Pelarangan beribadah hingga penyegelan rumah ibadah adalah pola yang terjadi setiap tahun. Penyebabnya mulai dari sikap keberagaman yang belum sepenuhnya dipahami oleh masyarakat hingga negara yang tak kunjung bersikap tegas menjamin hak konstitusi warga. Berbagai sebab tersebut sangat dipengaruhi dengan mental model bahwa beragama pada dasarnya menyampaikan kebenaran.
Di berbagai akun media sosial penulis pernah melihat satu caption yang pada intinya mengajak semua orang untuk tidak ragu dalam menyampaikan kebenaran. Beberapa diambil dari hadis yang tidak ditempatkan sebagaimana konteksnya.
‘Sampaikanlah walau satu ayat.’
‘Kebanaran selalu pahit, maka jalani dengan tulus dan ikhlas.’
Mental merasa benar dan merasa layak sebagai penyampai kebenaran ini membuat orang tidak ragu menggunakan cara-cara yang tidak baik. Bagi sebagian orang, kebenaran harus diperjuangkan. Tak heran jika beberapa orang bisa dengan tegas dan lugas menghakimi, lalu diakhiri dengan kalimat pamungkas ‘maaf, sekadar mengingatkan’.
Mereka tidak pernah sadar bahwa klaim kebenaran tidak tunggal. Orang yang dianggap salah juga memiliki kebenaran miliknya sendiri. Jika pihak yang disalahkan berbalik memperjuangkan kebenaran yang dimiliki, maka di sinilah akar konflik bermula. Di negara multikultural dan demokratis, mental model seperti ini harus diubah demi kehidupan yang damai dan harmonis.
Di kampung penulis pernah ada dua penceramah yang memiliki perbedaan pendekatan.
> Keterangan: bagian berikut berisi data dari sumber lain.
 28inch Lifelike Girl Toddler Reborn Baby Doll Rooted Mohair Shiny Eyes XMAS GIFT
Pertama, seorang penceramah yang berteriak lantang saat menjelaskan bagaimana hanya kelompok agamanya yang masuk surga, meski melakukan dosa berat, selama bukan dosa yang tidak terampuni. Meski ia menyadari bahwa di sekitar lokasi ceramahnya banyak warga yang menganut agama berbeda, ia tetap tidak peduli, bahkan memang itu yang dituju.
Sementara penceramah kedua selalu mematikan mic setiap kali menjelaskan pandangan-pandangan keagamaan yang sensitif dan berpotensi menyakiti hati orang lain. Ia memiliki empati yang tinggi bahkan untuk menyampaikan sesuatu yang dianggapnya benar, tetapi tidak baik.
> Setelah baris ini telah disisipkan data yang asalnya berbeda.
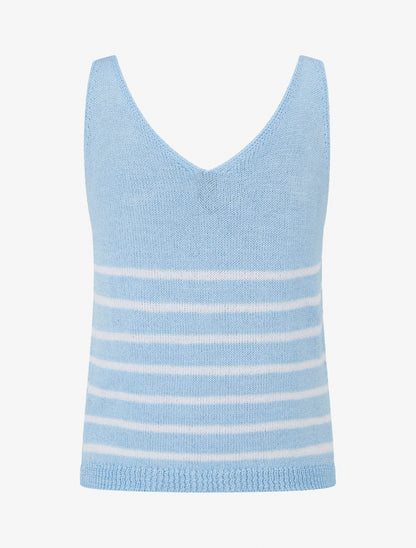 Débardeur en maille à rayures - Bleu ciel - 2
Bagi penulis, cara penceramah kedua inilah yang tepat di tengah masyarakat multikultural. Ia muncul dari kesadaran bahwa yang benar menurut kelompoknya, belum tentu benar bagi kelompok lainnya. Ia menjalankan kewajibannya sebagai ‘penyampai kebenaran’ tanpa meninggalkan cara-cara ‘yang baik’ (ma’ruf).
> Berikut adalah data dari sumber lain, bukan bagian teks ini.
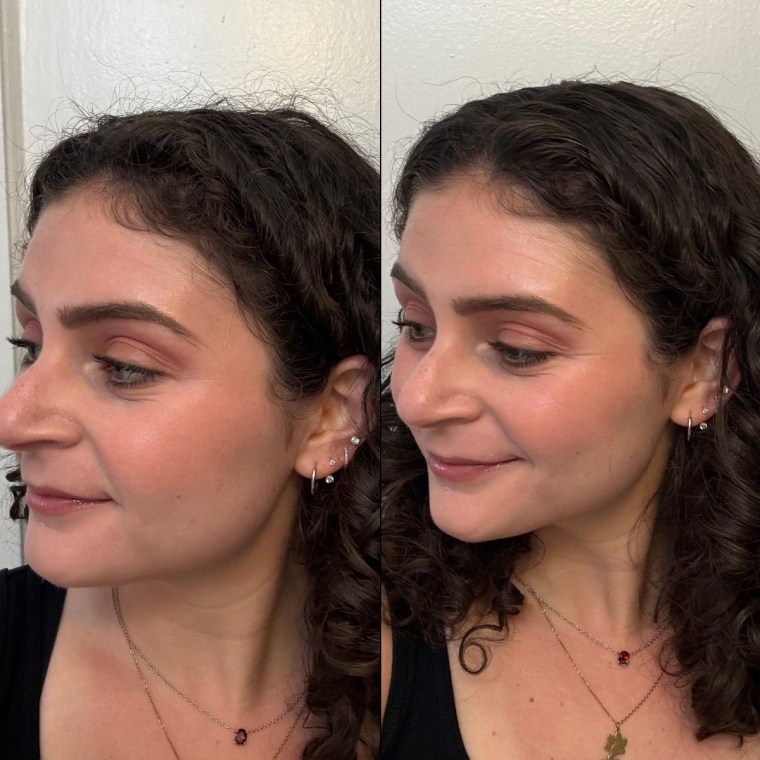 Before and after of woman applying taming wand to hair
Sebagai opinion leader, pendapat tokoh agama sangat berpengaruh bagi masyarakat. Dengan kata lain, agenda untuk mengurangi pelanggaran KBB sangat bergantung pada bagaimana tokoh agama menempatkan dirinya sebagai agen ‘kebaikan’, bukan semata-mata pembawa ‘kebenaran’.
Selain itu ketegasan pemerintah dalam menjamin hak konstitusi warga sangat dibutuhkan dalam agenda menghapus pelanggaran KBB. Pemerintah harus memiliki mental model bahwa keadilan adalah kebaikan sejati. Sikap adil pada setiap kelompok inilah yang akan membimbing bangsa ini menjadi bangsa yang damai.
Menyadur penutup artikel yang kerap ditulis oleh Gus Dur: hal ini mudah untuk diucapkan, tapi sulit untuk diwujudkan, bukan?